Un progetto atteso è ormai avviato per la realizzazione del quale sono programmati una serie di eventi.
Per il 25 marzo prossimo è programmato il primo straordinario “ritorno”: quello dell’Annunciazione di Francesco Mochi, conosciuta come una delle opere più espressive e preziose del Seicento italiano (di cui in queste ore si stanno completando le complesse operazioni di trasferimento all’interno del Duomo. 
Per quasi tre secoli l’Annunciazione ha abbellito l’interno della cattedrale insieme alla numerosa serie di ben 24 splendide sculture commissionate, tra il 1552 e il 1729, dall’Opera del Duomo per valorizzare lo spazio liturgico del Tempio cittadino ed esprimere concretamente la devozione della comunità orvietana. 
Alla fine dell’Ottocento, restauri di matrice purista destinarono il capolavoro del Mochi e le monumentali statue di Apostoli e Santi Protettori a un esilio protrattosi fino a oggi. 
Il ritorno nel Duomo di Orvieto di queste splendide opere rappresenta senza dubbio un evento epocale nella storia del restauro e una straordinaria restituzione. 
Dopo l’Annunciazione, entro l’anno il progetto di riposizionamento delle statue si completerà con l’Apostolato.  
Il progetto, già in passato proposto dalla Soprintendenza, vede oggi collaborare l’Opera del Duomo con le più importanti istituzioni competenti: ISCR Istituto Superiore per la Conservazione e il Restauro, e Soprintendenza all’Archeologia, le Belle Arti e il Paesaggio dell’Umbria, affiancate da ENEA per gli aspetti scientifici e di innovazione nella prevenzione del rischio sismico.

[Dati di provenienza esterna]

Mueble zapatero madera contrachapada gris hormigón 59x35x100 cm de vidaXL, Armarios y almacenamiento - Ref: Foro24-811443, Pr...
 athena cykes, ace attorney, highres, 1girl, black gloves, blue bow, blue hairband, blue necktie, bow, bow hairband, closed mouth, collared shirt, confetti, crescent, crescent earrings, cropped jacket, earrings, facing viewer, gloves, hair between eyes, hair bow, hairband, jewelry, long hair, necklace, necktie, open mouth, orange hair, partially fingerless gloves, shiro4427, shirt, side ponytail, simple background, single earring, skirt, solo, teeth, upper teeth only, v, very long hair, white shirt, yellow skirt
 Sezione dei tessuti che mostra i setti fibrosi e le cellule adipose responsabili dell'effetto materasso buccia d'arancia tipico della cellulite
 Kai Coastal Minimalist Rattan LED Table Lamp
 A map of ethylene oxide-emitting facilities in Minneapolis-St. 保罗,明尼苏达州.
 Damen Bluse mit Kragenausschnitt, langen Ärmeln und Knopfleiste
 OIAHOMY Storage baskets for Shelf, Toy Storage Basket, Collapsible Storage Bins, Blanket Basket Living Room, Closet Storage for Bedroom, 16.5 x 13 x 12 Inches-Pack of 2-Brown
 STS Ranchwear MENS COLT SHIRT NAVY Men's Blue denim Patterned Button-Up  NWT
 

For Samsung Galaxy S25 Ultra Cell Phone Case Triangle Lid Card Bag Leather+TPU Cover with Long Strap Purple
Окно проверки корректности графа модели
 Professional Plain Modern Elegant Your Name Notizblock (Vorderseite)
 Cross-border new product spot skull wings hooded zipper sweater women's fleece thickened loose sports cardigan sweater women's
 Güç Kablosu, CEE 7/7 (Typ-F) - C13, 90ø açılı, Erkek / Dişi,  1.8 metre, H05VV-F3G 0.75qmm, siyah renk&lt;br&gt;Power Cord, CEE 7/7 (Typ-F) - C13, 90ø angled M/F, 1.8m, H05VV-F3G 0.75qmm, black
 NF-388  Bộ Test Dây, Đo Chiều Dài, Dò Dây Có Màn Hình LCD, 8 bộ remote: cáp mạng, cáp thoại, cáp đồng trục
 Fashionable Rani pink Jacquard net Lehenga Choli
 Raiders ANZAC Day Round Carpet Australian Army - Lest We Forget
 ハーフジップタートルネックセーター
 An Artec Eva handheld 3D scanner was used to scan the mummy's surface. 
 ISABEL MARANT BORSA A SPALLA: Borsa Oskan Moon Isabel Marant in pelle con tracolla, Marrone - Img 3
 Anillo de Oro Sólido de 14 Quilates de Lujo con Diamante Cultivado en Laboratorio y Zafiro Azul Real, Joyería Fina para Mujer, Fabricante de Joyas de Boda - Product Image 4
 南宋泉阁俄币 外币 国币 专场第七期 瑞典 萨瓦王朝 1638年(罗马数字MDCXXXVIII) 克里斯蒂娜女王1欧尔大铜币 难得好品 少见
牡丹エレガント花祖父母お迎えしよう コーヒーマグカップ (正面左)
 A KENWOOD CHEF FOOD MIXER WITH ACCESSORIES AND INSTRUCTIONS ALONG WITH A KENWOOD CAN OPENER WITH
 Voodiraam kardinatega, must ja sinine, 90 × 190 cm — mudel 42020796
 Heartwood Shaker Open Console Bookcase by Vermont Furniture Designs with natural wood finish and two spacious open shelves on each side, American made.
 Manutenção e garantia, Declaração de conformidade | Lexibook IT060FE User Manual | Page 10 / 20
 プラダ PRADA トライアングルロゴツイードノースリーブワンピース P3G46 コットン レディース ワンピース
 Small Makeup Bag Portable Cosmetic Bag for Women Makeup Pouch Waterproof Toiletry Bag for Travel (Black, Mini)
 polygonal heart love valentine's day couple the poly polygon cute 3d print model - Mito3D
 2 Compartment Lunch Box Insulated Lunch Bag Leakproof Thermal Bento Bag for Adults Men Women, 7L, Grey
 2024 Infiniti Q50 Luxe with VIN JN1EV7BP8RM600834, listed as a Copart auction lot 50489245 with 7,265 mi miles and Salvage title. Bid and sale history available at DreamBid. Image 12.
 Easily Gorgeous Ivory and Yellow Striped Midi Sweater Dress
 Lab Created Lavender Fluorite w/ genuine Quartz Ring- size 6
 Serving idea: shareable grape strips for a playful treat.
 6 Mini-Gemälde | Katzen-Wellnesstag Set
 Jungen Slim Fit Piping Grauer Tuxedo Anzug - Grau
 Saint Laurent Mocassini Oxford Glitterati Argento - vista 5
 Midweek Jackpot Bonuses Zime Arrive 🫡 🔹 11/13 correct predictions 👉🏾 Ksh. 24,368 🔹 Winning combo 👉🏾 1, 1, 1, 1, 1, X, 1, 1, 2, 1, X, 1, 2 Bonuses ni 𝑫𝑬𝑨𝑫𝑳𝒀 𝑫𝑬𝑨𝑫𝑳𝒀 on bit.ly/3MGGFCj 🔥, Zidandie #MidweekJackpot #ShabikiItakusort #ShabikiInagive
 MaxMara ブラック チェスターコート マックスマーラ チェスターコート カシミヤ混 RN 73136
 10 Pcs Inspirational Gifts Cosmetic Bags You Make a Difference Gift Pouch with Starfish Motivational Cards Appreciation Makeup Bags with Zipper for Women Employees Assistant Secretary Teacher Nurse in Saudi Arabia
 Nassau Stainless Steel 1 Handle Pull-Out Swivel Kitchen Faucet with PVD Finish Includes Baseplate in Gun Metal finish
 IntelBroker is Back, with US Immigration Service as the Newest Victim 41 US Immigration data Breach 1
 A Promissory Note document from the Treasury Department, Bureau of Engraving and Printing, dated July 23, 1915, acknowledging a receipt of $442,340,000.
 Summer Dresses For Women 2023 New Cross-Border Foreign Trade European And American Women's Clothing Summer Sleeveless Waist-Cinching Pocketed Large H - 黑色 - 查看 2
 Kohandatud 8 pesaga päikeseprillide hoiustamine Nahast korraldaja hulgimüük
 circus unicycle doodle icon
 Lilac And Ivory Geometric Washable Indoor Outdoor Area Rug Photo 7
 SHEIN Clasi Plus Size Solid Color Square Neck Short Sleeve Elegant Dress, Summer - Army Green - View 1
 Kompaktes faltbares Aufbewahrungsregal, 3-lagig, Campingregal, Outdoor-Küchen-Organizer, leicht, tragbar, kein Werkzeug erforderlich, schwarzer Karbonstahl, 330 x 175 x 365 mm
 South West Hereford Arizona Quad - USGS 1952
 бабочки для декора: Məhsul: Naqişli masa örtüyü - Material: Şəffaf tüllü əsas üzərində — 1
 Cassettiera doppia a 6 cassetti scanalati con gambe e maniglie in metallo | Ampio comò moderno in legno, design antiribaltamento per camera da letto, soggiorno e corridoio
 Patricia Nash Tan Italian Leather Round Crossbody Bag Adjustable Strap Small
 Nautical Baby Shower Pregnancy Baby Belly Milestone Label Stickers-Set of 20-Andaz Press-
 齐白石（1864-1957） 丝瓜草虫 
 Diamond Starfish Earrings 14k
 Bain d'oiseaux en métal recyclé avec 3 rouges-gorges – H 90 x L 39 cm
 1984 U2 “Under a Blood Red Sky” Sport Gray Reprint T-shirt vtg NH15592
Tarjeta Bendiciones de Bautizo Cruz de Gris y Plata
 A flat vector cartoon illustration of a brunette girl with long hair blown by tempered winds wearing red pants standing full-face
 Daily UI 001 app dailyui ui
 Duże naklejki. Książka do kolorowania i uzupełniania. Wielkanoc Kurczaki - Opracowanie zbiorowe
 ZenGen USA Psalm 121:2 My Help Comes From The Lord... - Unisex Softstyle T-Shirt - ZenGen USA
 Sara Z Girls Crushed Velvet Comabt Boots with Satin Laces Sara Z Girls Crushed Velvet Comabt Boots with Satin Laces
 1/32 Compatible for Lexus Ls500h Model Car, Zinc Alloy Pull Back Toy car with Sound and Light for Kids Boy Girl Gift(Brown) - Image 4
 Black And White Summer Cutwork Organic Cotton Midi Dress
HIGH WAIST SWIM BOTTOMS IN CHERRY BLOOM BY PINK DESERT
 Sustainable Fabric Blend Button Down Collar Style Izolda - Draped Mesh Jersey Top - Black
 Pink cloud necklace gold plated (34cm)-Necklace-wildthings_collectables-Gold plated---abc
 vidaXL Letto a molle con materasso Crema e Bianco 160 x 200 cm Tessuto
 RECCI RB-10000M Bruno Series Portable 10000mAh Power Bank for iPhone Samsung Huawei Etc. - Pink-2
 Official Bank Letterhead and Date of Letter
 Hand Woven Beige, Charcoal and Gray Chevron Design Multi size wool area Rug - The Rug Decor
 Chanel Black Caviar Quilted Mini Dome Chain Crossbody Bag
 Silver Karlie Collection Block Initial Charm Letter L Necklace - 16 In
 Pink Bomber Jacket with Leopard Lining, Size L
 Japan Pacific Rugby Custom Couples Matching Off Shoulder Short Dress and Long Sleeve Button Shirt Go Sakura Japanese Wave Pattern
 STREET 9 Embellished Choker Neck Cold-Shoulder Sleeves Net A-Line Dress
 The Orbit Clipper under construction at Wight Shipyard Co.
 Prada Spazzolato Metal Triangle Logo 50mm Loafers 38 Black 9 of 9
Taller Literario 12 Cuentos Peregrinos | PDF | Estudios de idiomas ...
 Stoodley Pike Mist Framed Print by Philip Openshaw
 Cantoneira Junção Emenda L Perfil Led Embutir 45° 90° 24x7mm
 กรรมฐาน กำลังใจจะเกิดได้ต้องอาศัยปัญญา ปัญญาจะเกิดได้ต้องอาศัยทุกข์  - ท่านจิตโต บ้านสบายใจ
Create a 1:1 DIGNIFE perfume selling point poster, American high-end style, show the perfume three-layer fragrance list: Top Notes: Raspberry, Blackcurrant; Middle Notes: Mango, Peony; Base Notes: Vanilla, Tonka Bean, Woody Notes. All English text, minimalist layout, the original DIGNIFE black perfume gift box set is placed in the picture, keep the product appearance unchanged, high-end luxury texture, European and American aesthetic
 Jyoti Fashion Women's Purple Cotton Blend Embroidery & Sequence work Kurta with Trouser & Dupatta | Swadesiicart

E ha la collaborazione del Comune di Orvieto per il supporto logistico e la condivisione da parte della Diocesi di Orvieto-Todi, oltre alla determinante approvazione e personale sostegno di S.E. il Vescovo Mons. Benedetto Tuzia.   
In considerazione dell’importanza del tutto eccezionale dell’iniziativa, della sua valenza artistica anche sull’offerta culturale della Città, il rientro nella sede originaria del gruppo dell’Annunciazione sarà accompagnato da alcuni eventi collaterali così programmati: 
- sabato 23 marzo ore 18.00 Duomo di OrvietoConcerto d’Organo: organista Nello Catarcia, musiche di: J.S.Bach - A. Vivaldi – F. Liszt – C. Frank
- domenica 24 marzo ore 18.00 Duomo di Orvieto – Concerto per Coro e Orchestra: Coro “Vox et Jubilum” -   Orchestra della Scuola di Musica “A. Casasiole”
- lunedì 25 marzo ore 12.00 – MODO Sotterranei del Duomo – Inaugurazione della mostra fotografica di Luca Canonici “Francisci Mochis” (25 marzo - 5 maggio 2019)
- lunedì 25 marzo festa dell’Annunciazione, ore 18.00 Duomo di Orvieto – Concelebrazione Eucaristica di S. Em. il Cardinale Ennio Antonelli e di S.E. il Vescovo Mons. Benedetto Tuzia. Al termine, lettura del Card. Antonelli del mistero dell’Annunciazione. 
“Altre importanti iniziative culturali – fa sapere intanto l’Opera del Duomo di Orvieto - scandiranno il rientro in cattedrale delle dodici statue degli ‘Apostoli’, in un climax che culminerà, entro il 2019, nella integrale restituzione del complesso scultoreo al suo contesto originario.